School of Psychological Sciences, University of Indianapolis, Indianapolis, IN 46227, USA

Department of Psychology, Vanderbilt University, Nashville, USA



Lisa S. Elwood


The prevalence of anxiety disorders is among the highest of all psychiatric diagnoses, with a lifetime morbidity rate of nearly 30 %. Given this prevalence, it is important to identify effective and ethical treatments. Empirically based treatments considered efficacious for anxiety disorders largely include cognitive behavioral treatments (CBT) , and among these, exposure therapy stands out as both useful and potentially concerning. Ethical concerns regarding exposure treatment for anxiety include fears of symptom exacerbation, high treatment dropout rates, client safety concerns, and the blurring of boundary lines between therapists and clients. Although concerns have been raised regarding exposure treatment generally, specific concerns have been raised related to the treatment of post-traumatic stress disorder (PTSD) given the vulnerable nature of the population. Despite these concerns, research largely supports both the efficacy and safety of exposure therapy. The present chapter provides a review of extant literature highlighting potential ethical concerns, research regarding the raised concerns, and suggestions for minimizing risk in treatment.


1 Introduction

The present chapter provides an overview of the current anxiety treatments that are identified as empirically supported, followed by an in-depth review of the ethical concerns that have been raised regarding treatment of anxiety , with a focus on exposure techniques. Criticisms of exposure therapy have frequently included concerns about symptom exacerbation, increased attrition rates, therapist training and beliefs, safety, and boundary issues. The current chapter reviews each of these concerns and the related literature and concludes that the benefits of exposure treatment for anxiety outweigh the risks. Finally, suggestions for minimizing risks while using exposure therapy and other clinical considerations are presented.

1.1 Overview of Anxiety

The Diagnostic and Statistical Manual Fifth Edition (DSM-5; American Psychiatric Association 2013) indicates that anxiety disorders are prevalent in individuals from childhood to adulthood, with most disorders beginning in adolescence or early adulthood, and occurring in both males and females. Furthermore, research has demonstrated that anxiety disorders are widespread, both nationally and internationally. In a study of prevalence rates, Baxter et al. (2013) used data from 87 studies in 44 countries to conduct a systematic review for the international prevalence rates of anxiety disorders. Results of this study revealed that current prevalence estimates range from 0.9 to 28.3 % and past-year prevalence ranges from 2.4 to 29.8 % across cultures (Baxter et al. 2013). A recent study conducted by Kessler et al. (2012) examined the prevalence of lifetime morbidity risk (LMR) and 12-month prevalence rates in the USA. Results revealed the following anxiety disorders listed from the highest LMR to the lowest, with the LMR listed first followed by the 12-month prevalence rate: specific phobia: 18.4/12.1 %; social phobia: 13.0/7.4 %; post-traumatic stress disorder: 10.1/3.7 %; generalized anxiety disorder (GAD): 9.0/2.0 %; separation anxiety disorder: 8.7/1.2 %; panic disorder: 6.8/2.4 %; bipolar disorder: 4.1/1.8 %; agoraphobia: 3.7/1.7 %; and obsessive-compulsive disorder: 2.7/1.2. Highlighting the prominence of anxiety disorders, data indicated that anxiety disorders have the highest overall prevalence rate among psychiatric disorders, with a 12-month rate of 18.1 % and a lifetime rate of 28.8 % (Kessler et al. 2012).

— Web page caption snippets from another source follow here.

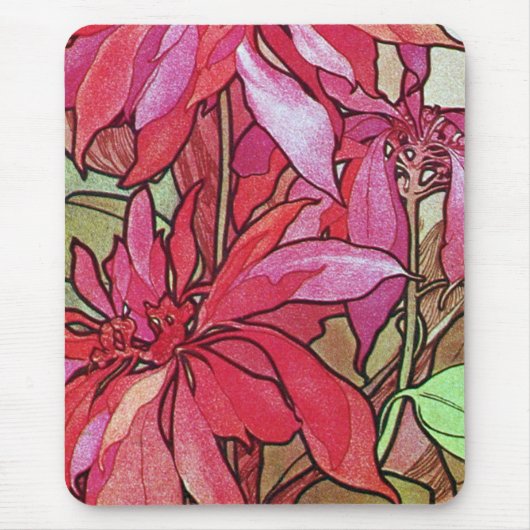 Muismat Mucha van Poinsettia Kerstmis Mousepad (Voorkant)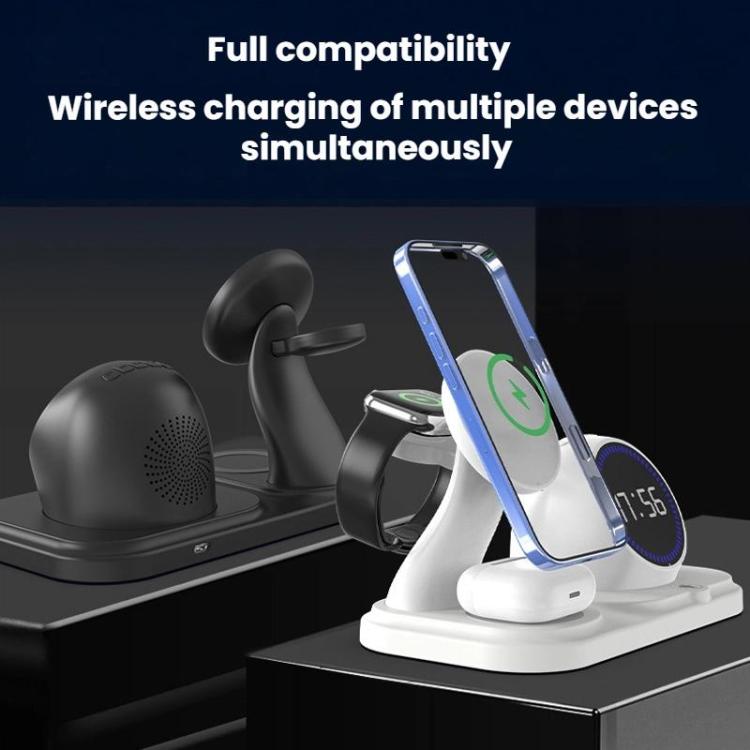 6 in 1 Desktop Magnetic Wireless Charging Clock Countdown RGB Bluetooth Speaker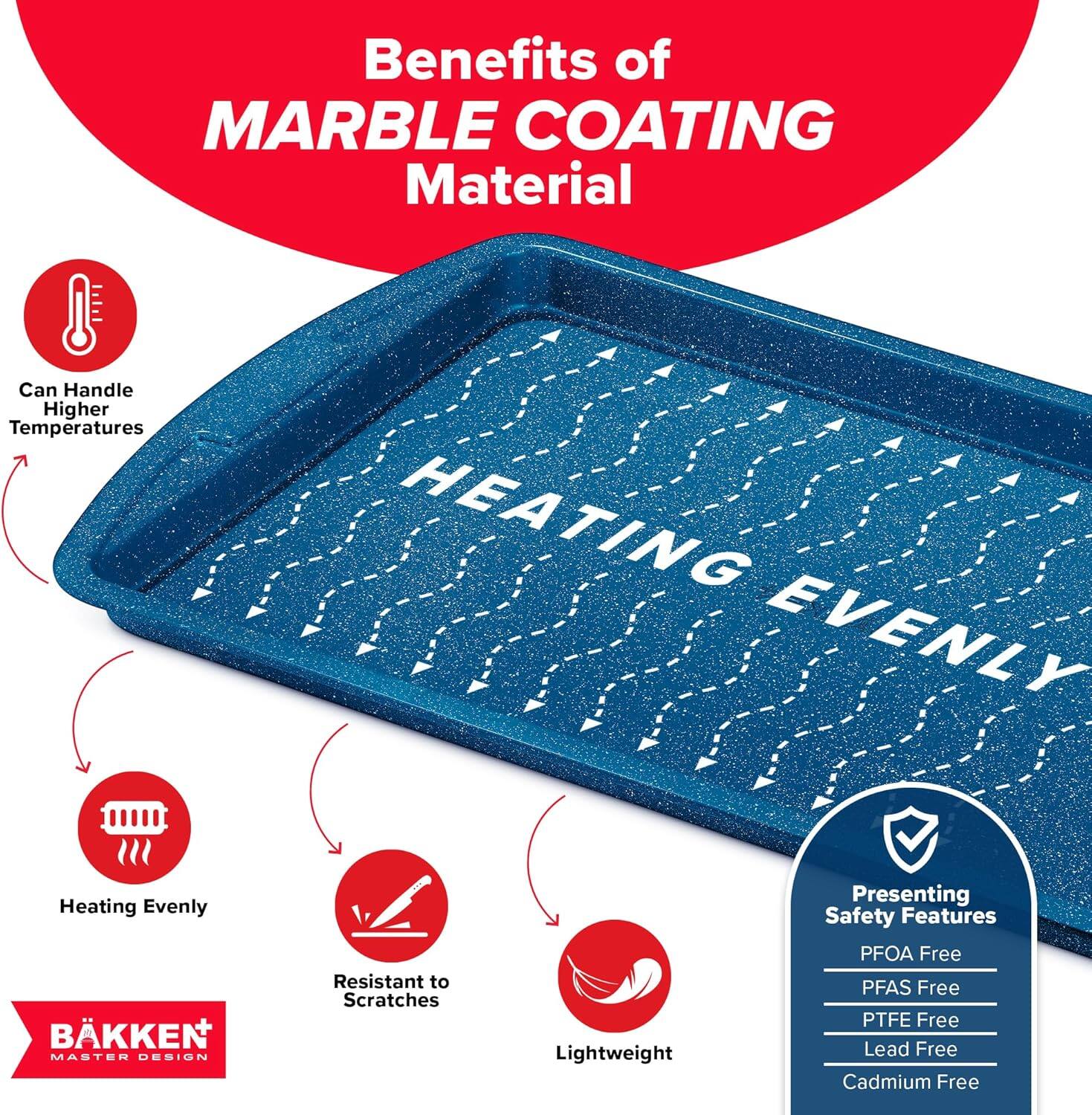 Benefits of MARBLE COATING Material

Can Handle Higher Temperatures
HEATING EVENLY
Heating Evenly
Resistant to Scratches
Lightweight
Presenting Safety Features
PFOA Free
PFAS Free
PTFE Free
Lead Free
Cadmium Free

BKKEN MASTER DESIGN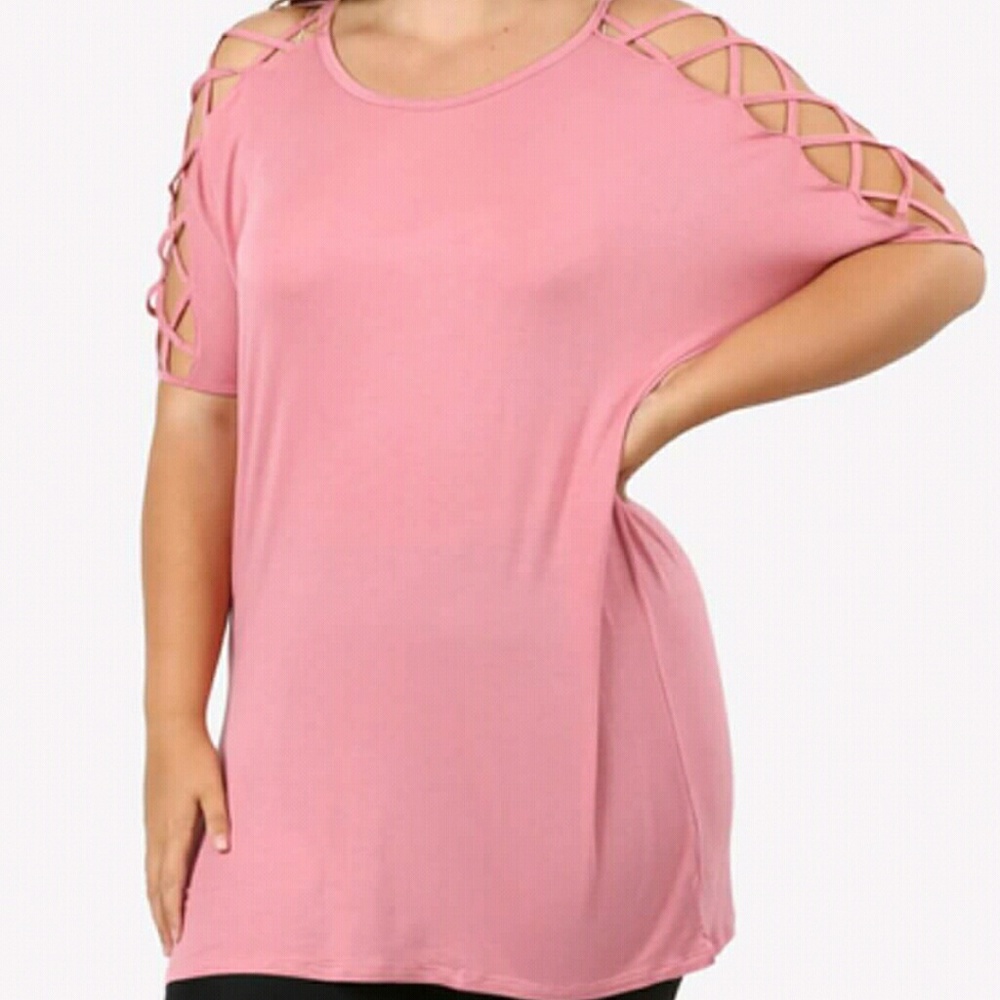 Criss cross plus size boutique top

The presence of an anxiety disorder affects both individuals and society. At an individual level, anxiety disorders have been associated with substantial negative impact on quality of life (Mendlowicz and Stein 2000; Olatunji et al. 2010). A long-standing anxiety disorder can lead to both physical and emotional symptoms, and individuals can consequently suffer functional impairment at work and in other areas of life, lasting up to 1 year or longer, depending on the course of the disorder (Hoffman et al. 2008). Economic costs due to the impairment caused by a GAD, for example, include both personnel costs as evidenced by missed work or a lack of productivity at work and direct medical costs associated with seeking medical attention. Individuals with GAD, for example, seek medical attention significantly more times than individuals without GAD or a comorbid disorder (Hoffman et al. 2008). Overall, the estimated costs associated with anxiety disorders have been reported to be between 42 and 45 billion dollars (Kessler and Greenberg 2002). Thus, the effective treatment of anxiety disorders is necessary on both an individual and a societal level.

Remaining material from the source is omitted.